→ Work to be completed:
In your copy, leave out the pictures and repeat every record exactly.

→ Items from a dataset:
----

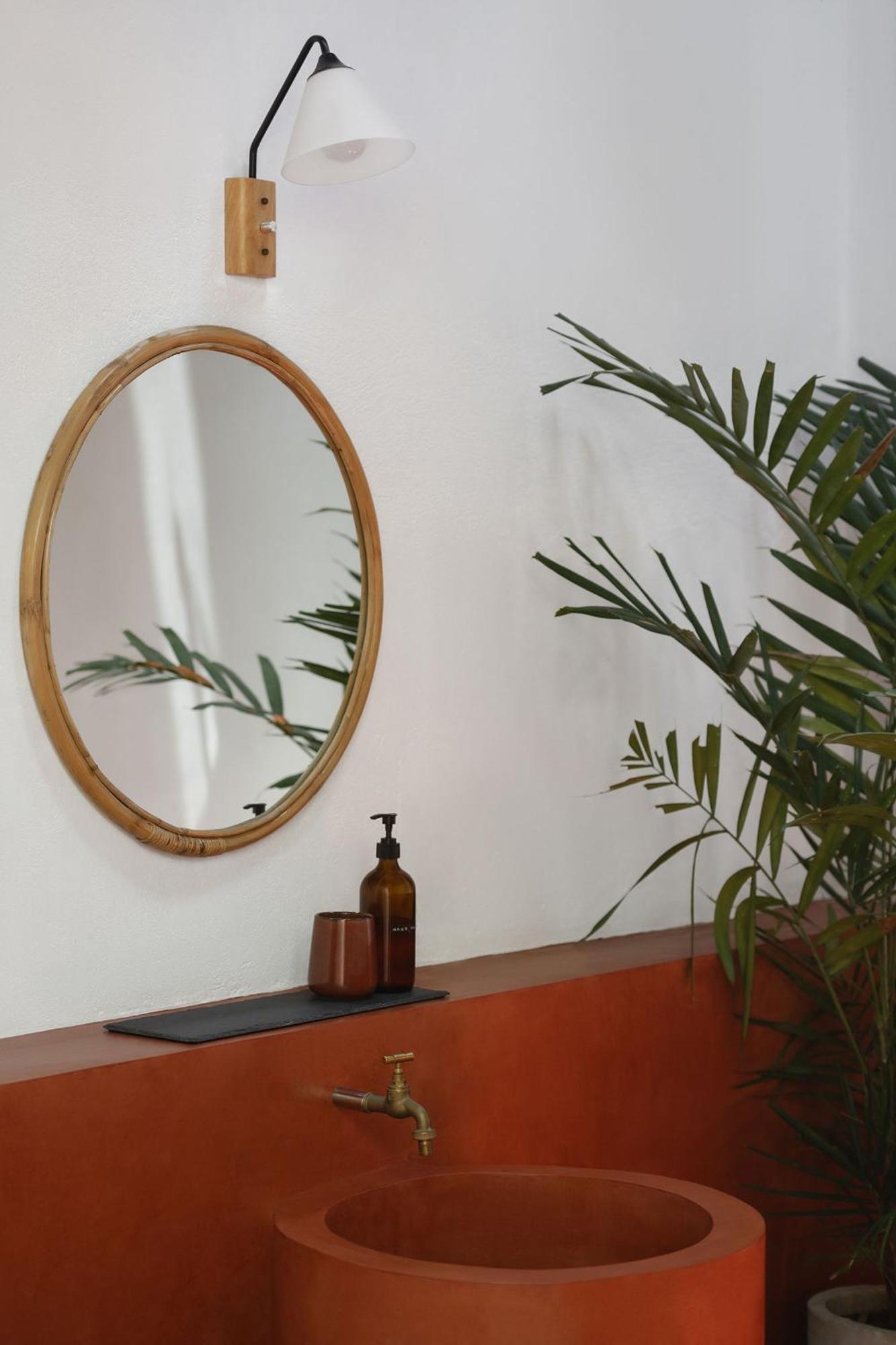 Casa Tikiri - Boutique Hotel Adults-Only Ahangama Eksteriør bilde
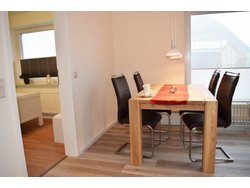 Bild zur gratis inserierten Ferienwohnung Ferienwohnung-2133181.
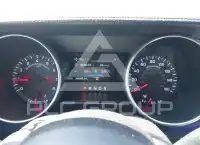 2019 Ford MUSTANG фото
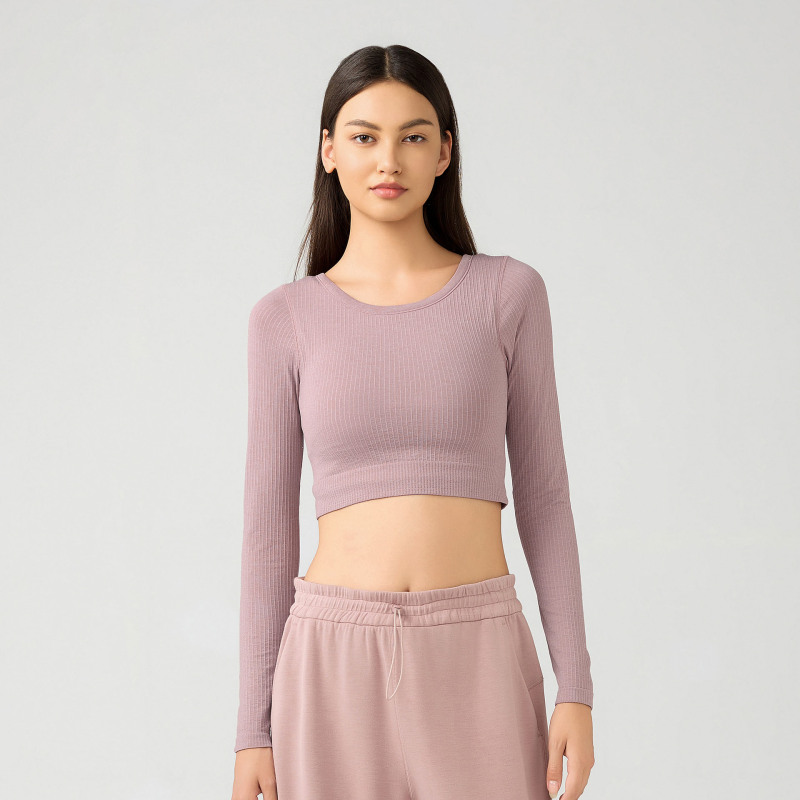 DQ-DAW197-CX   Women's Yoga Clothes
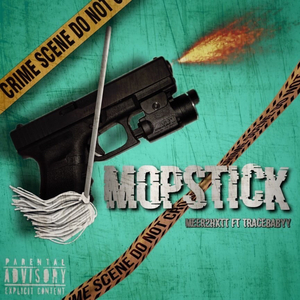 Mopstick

----

→ Written response:
 Casa Tikiri - Boutique Hotel Adults-Only Ahangama Eksteriør bilde
 Bild zur gratis inserierten Ferienwohnung Ferienwohnung-2133181.
 2019 Ford MUSTANG фото
 DQ-DAW197-CX   Women's Yoga Clothes
 Mopstick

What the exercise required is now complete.